- L’Opec+ ha deciso di tagliare ulteriormente la produzione di greggio di 2 milioni barili al giorno. Una mossa che ovviamente piace a Mosca, mentre gli Usa lanciano l’allerta sui prezzi destinati a lievitare. L’Ue intanto è ancora alle prese col nodo dei prezzi del gas.
- «Lasciate che io vi indichi la roadmap, la tabella di marcia per le nostre prossime azioni comuni», ha scritto Ursula von der Leyen nella lettera destinata ai leader europei, riuniti da giovedì a Praga. In realtà la roadmap in questione è più una via di fuga che la presidente disegna per svicolare i propri fallimenti. Anche le mosse di Berlino vanno nella stessa direzione: cercare una via di fuga ora che il malessere per la gestione della crisi si è esacerbato.

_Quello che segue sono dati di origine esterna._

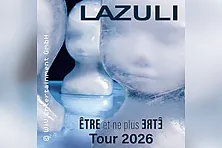 Lazuli - Etre et ne plus Etre - Tour 2026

- Persino l’Europarlamento, che con la risoluzione appena votata rivendica diritto di parola sul tema dei prezzi, rinuncia alle richieste più radicali. Le forze che comporranno il futuro governo italiano non sono da meno: i Fratelli d’Italia votano contro gli emendamenti che chiedono interventi più incisivi sui super profitti, mentre Forza Italia vota in modo difforme dal resto dei Popolari pur di allinearsi con meloniani e leghisti contro la salvaguardia degli obiettivi climatici.
L’Opec+, il cartello di paesi esportatori di petrolio, guidata dall’Arabia Saudita con la Russia, ha deciso di tagliare ulteriormente la produzione di greggio di 2 milioni barili al giorno. Una mossa che ovviamente piace a Mosca ma che fa arrabbiare gli Stati Uniti, che contavano sui sauditi come alleati. Non a caso il presidente Joe Biden parla di una decisione «miope» e gli Usa lanciano l’allerta sui prezzi destinati a lievitare.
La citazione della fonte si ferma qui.